→ **Task directions**
Given the records below, the lines starting at the line with "Inbagi 30 Pack" and ending at the line with "Star Wars Wars" should be output exactly, both end lines kept and pictures left out.
═══ Information supplied ═══
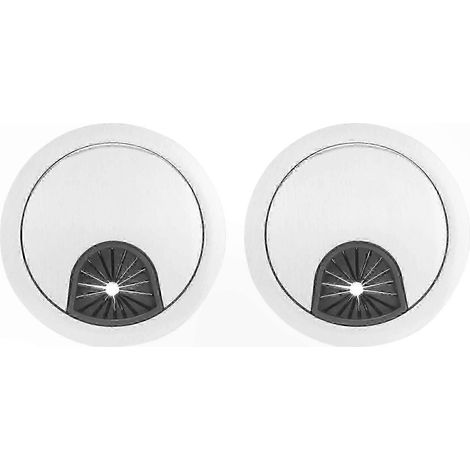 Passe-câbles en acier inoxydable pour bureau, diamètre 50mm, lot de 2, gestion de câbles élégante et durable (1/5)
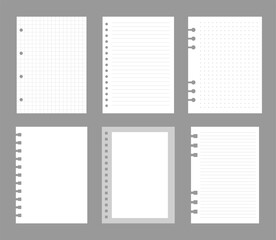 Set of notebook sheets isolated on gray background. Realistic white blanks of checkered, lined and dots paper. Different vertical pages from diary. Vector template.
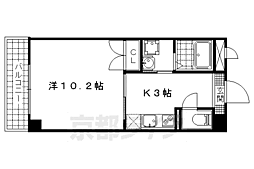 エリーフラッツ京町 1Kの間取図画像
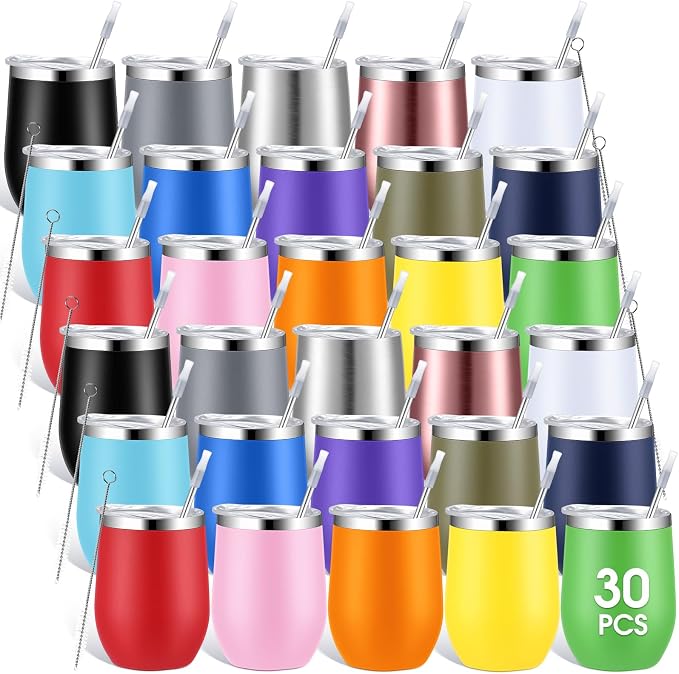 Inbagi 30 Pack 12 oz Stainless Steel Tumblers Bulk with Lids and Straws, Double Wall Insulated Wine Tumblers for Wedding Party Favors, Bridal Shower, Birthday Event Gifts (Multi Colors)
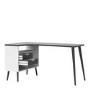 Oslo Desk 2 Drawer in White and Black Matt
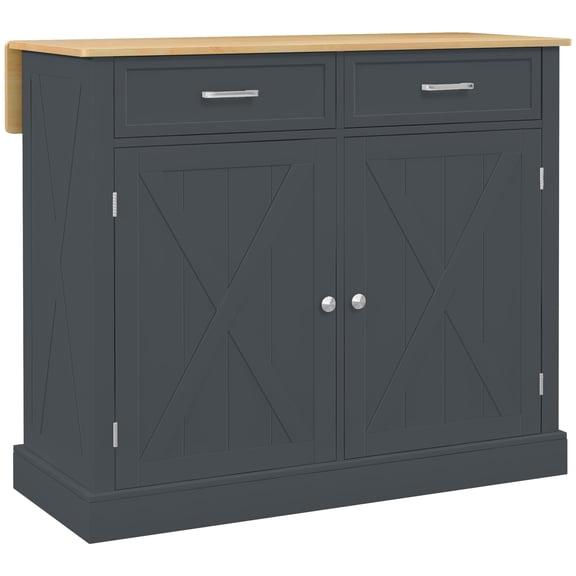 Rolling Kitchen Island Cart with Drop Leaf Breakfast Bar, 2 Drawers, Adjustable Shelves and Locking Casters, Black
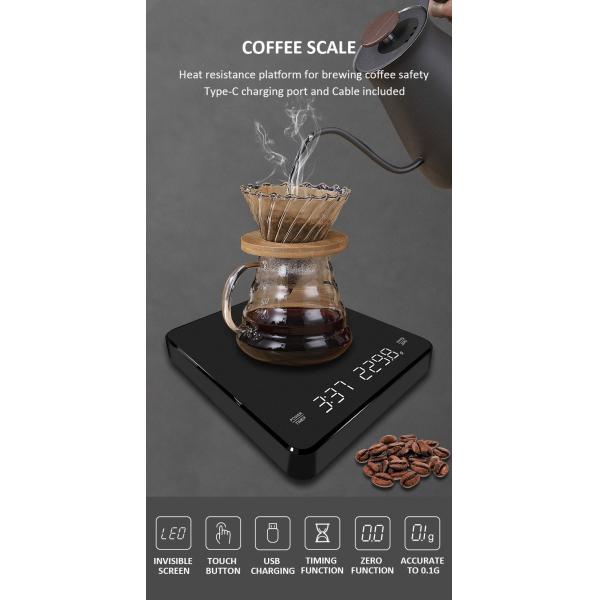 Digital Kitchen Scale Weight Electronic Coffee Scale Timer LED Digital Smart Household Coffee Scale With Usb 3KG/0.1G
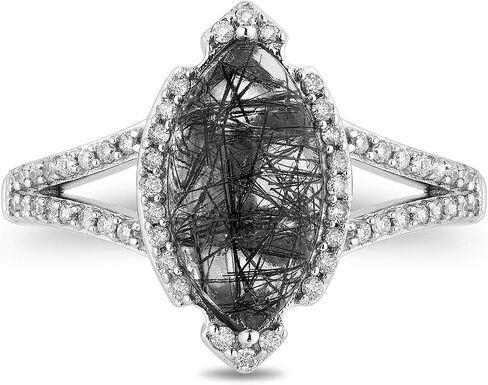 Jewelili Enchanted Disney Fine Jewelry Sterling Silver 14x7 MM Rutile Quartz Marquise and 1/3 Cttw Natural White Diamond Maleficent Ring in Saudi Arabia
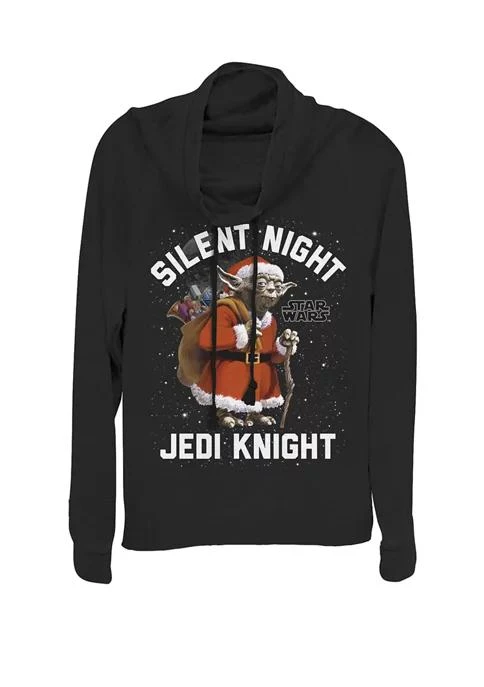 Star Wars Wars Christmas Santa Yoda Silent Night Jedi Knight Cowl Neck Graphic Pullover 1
═══
═══ Information supplied ═══
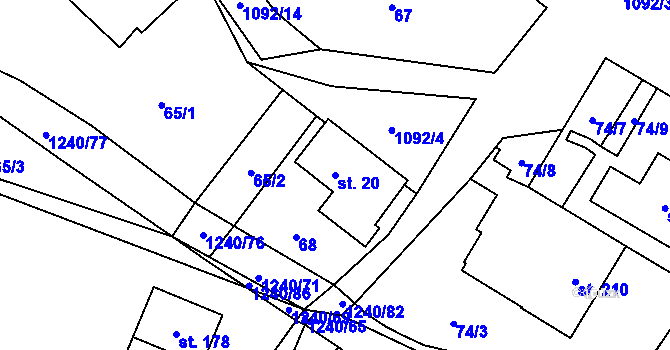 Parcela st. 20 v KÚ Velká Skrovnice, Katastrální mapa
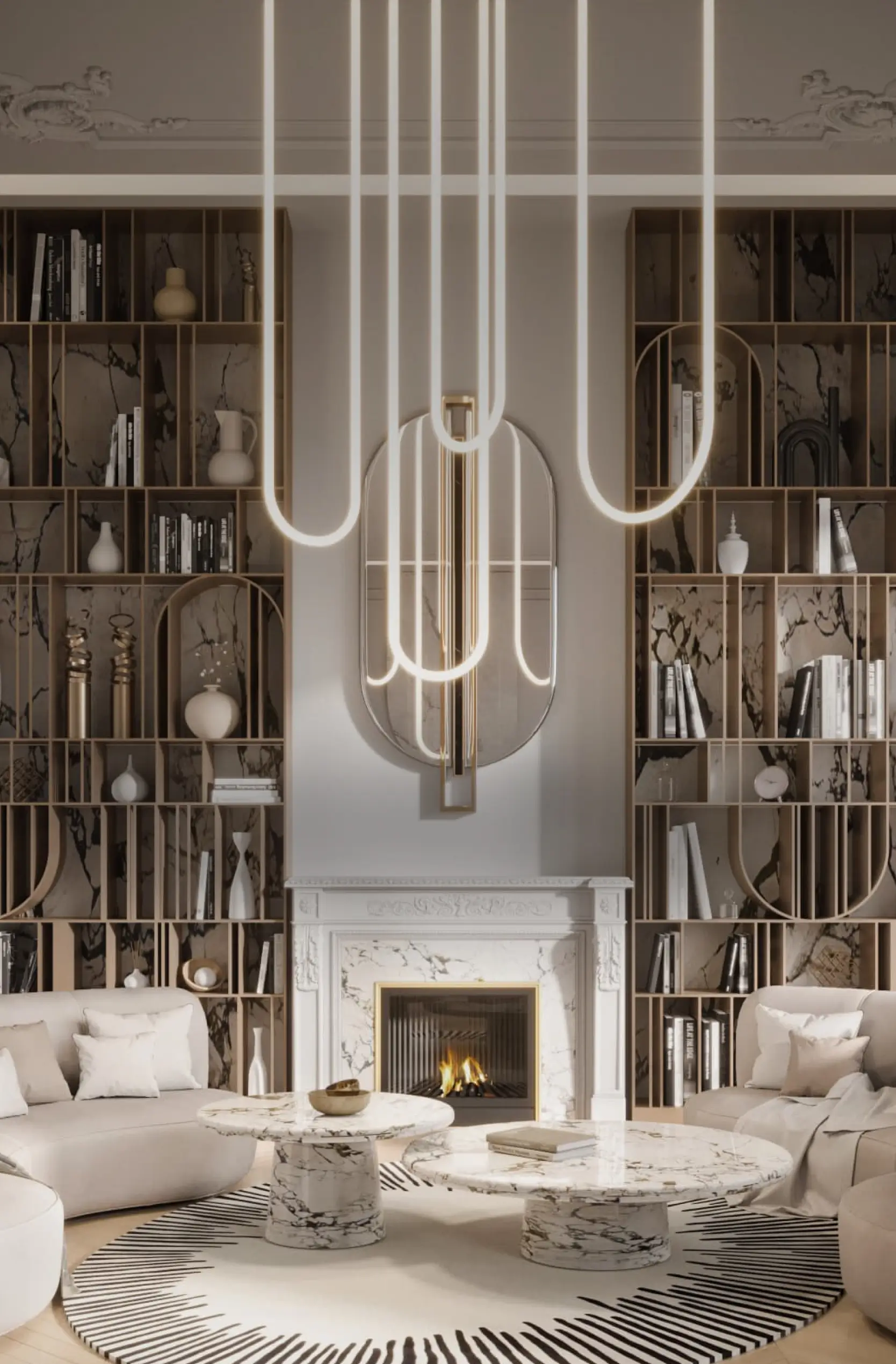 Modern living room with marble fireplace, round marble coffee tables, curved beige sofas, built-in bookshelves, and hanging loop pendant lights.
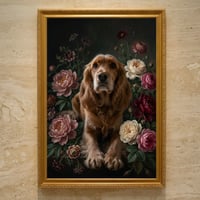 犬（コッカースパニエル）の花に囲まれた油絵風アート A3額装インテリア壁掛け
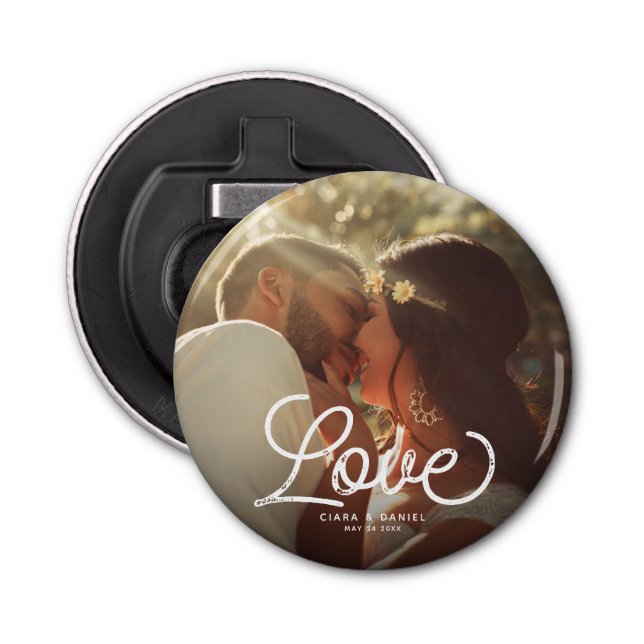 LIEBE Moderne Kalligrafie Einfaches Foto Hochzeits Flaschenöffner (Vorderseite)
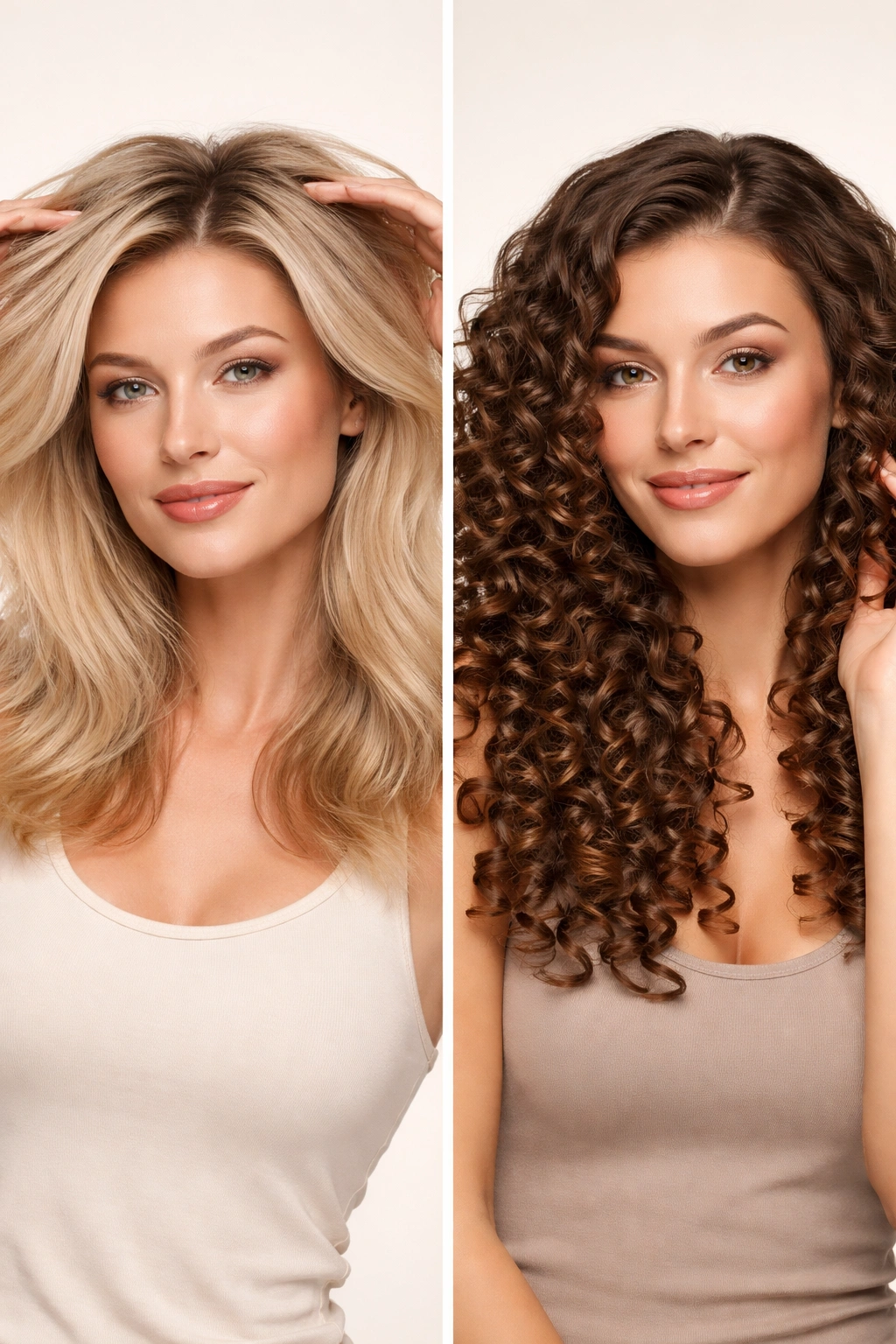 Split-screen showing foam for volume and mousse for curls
═══
→ **Task result**
 Inbagi 30 Pack 12 oz Stainless Steel Tumblers Bulk with Lids and Straws, Double Wall Insulated Wine Tumblers for Wedding Party Favors, Bridal Shower, Birthday Event Gifts (Multi Colors)
 Oslo Desk 2 Drawer in White and Black Matt
 Rolling Kitchen Island Cart with Drop Leaf Breakfast Bar, 2 Drawers, Adjustable Shelves and Locking Casters, Black
 Digital Kitchen Scale Weight Electronic Coffee Scale Timer LED Digital Smart Household Coffee Scale With Usb 3KG/0.1G
 Jewelili Enchanted Disney Fine Jewelry Sterling Silver 14x7 MM Rutile Quartz Marquise and 1/3 Cttw Natural White Diamond Maleficent Ring in Saudi Arabia
 Star Wars Wars Christmas Santa Yoda Silent Night Jedi Knight Cowl Neck Graphic Pullover 1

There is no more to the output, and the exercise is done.